● BRIEF:
Leaving the pictures aside, transcribe only and exactly the lines from the one with "Usage des réseaux" through the end of the entries, both included.

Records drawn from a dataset
——

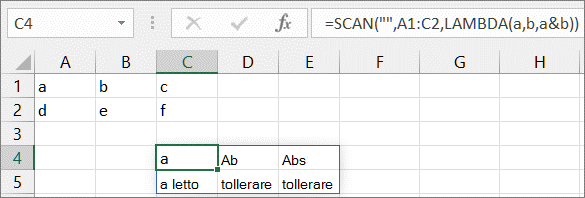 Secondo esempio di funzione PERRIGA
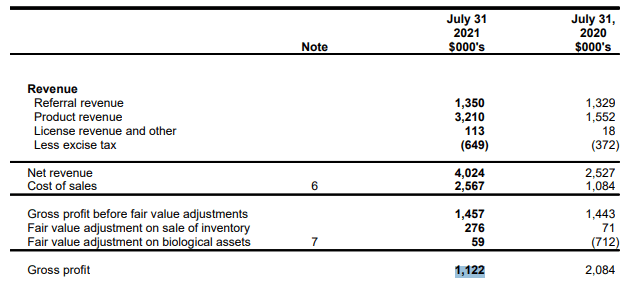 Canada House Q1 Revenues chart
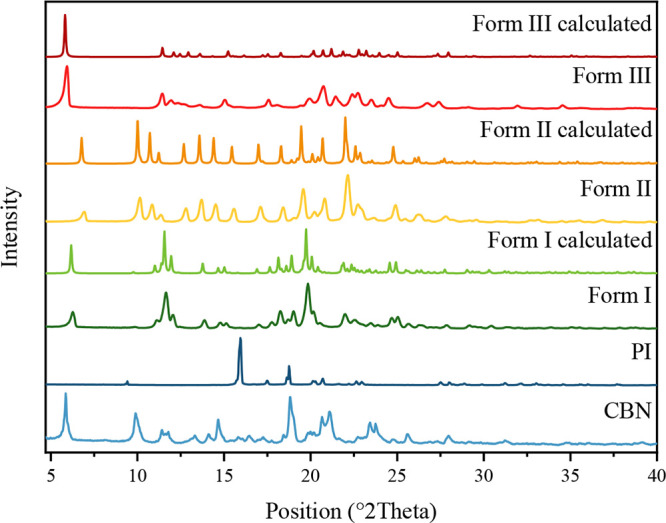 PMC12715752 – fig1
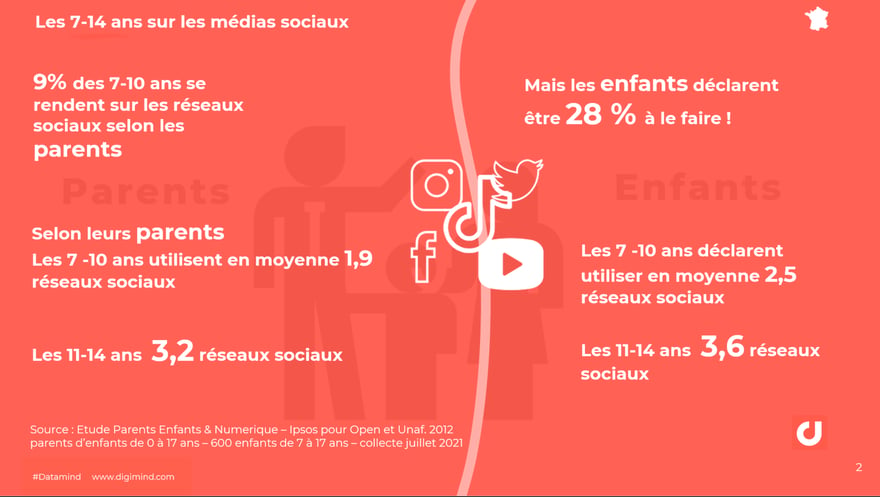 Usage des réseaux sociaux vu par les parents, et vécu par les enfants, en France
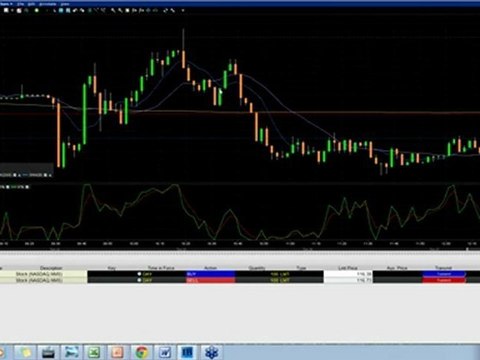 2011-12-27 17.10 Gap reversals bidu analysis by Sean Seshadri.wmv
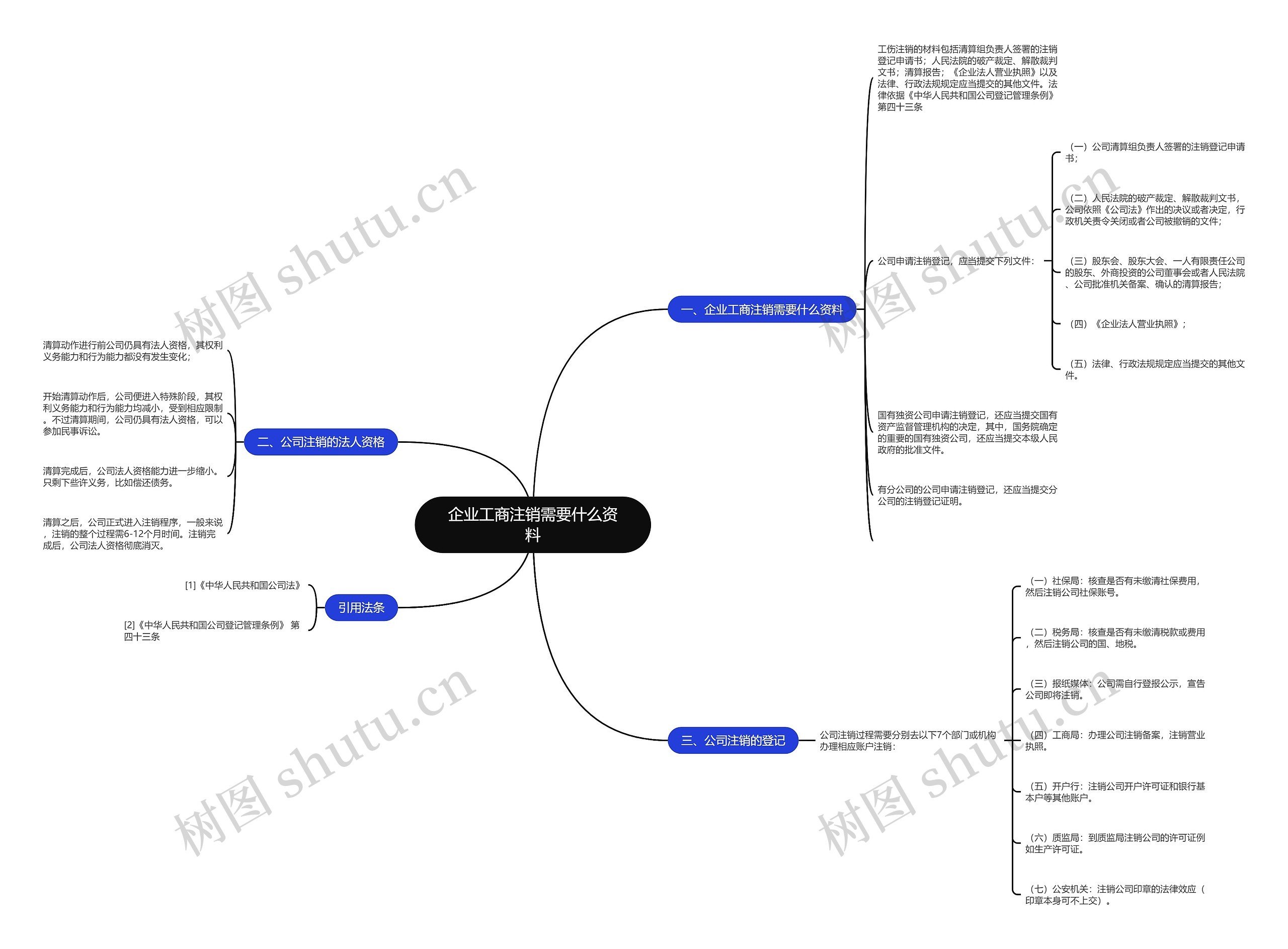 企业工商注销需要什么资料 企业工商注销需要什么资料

——

● RESPONSE FOR THIS EXERCISE:
 Usage des réseaux sociaux vu par les parents, et vécu par les enfants, en France
 2011-12-27 17.10 Gap reversals bidu analysis by Sean Seshadri.wmv
 企业工商注销需要什么资料 企业工商注销需要什么资料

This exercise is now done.